[Crawled caption data]
──────
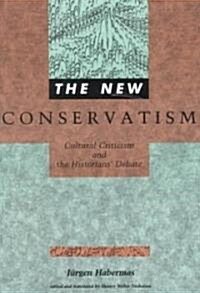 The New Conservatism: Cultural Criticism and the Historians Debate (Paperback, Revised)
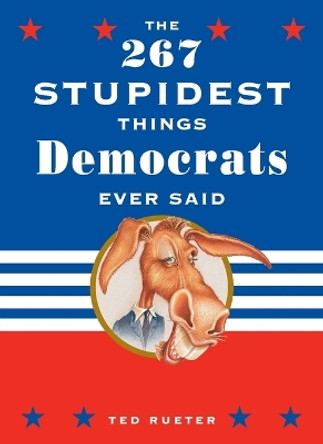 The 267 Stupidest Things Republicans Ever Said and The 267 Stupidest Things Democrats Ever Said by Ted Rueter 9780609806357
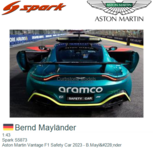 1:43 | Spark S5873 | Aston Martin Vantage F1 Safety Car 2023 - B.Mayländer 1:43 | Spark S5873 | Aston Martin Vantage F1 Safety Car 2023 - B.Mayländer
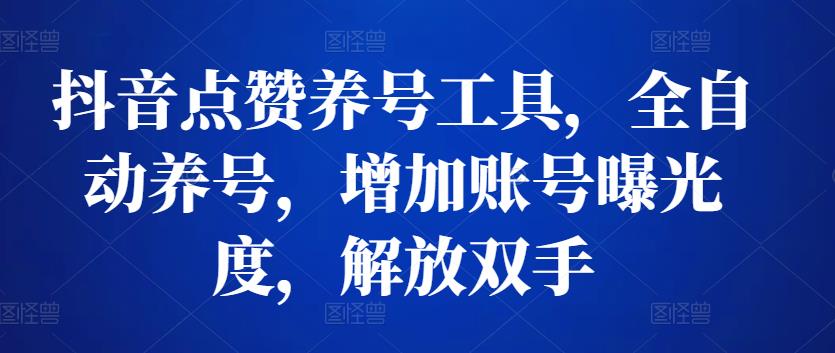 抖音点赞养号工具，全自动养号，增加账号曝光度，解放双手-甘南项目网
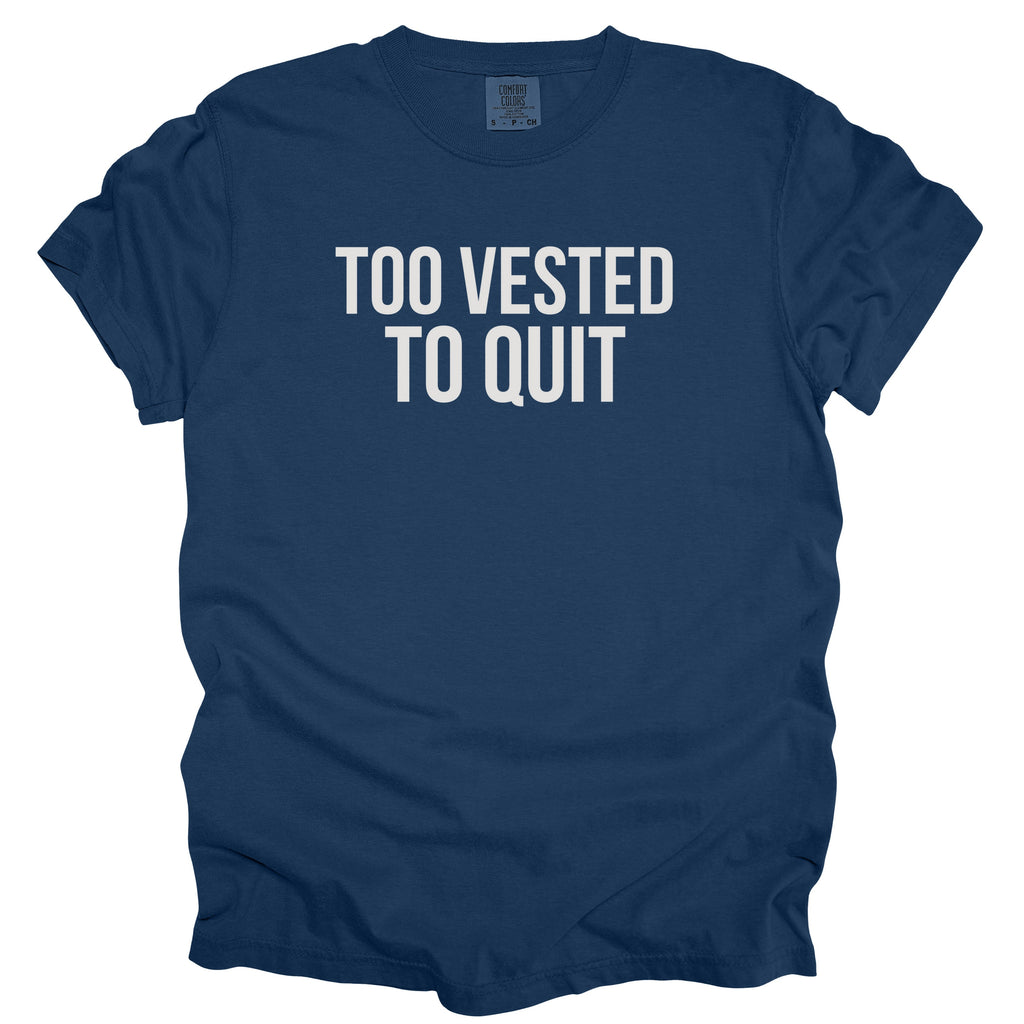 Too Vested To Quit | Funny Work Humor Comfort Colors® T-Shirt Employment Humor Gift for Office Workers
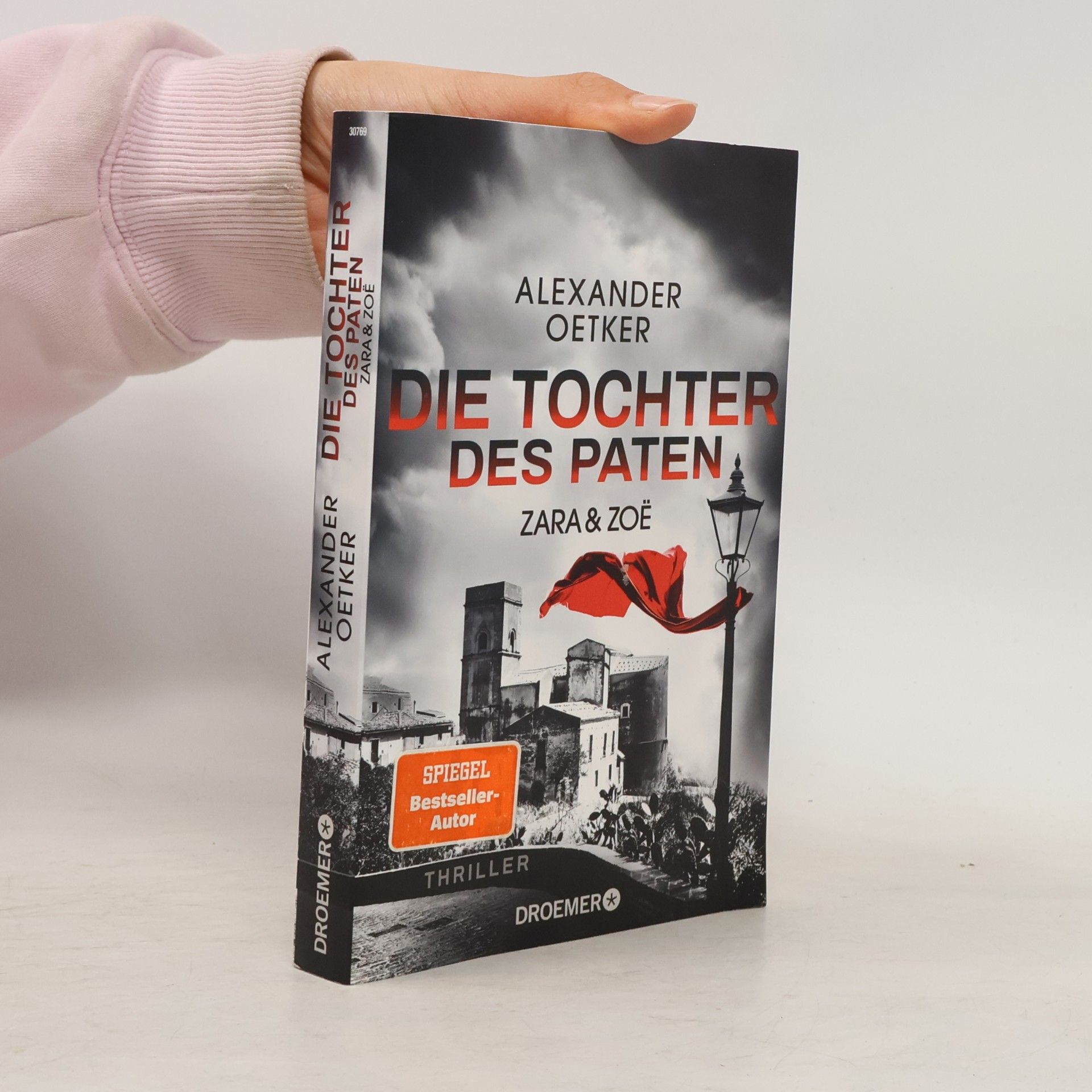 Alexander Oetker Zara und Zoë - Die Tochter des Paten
──────
— Assignment —
Of the entries above, print exactly those lines that run from the one containing "抖音点赞养号工具，全自动养号，增加账号曝光度，解放双手-甘南项目网" through the last line, excluding any pictures.

— Final answer —
 抖音点赞养号工具，全自动养号，增加账号曝光度，解放双手-甘南项目网
 Too Vested To Quit | Funny Work Humor Comfort Colors® T-Shirt Employment Humor Gift for Office Workers
 Alexander Oetker Zara und Zoë - Die Tochter des Paten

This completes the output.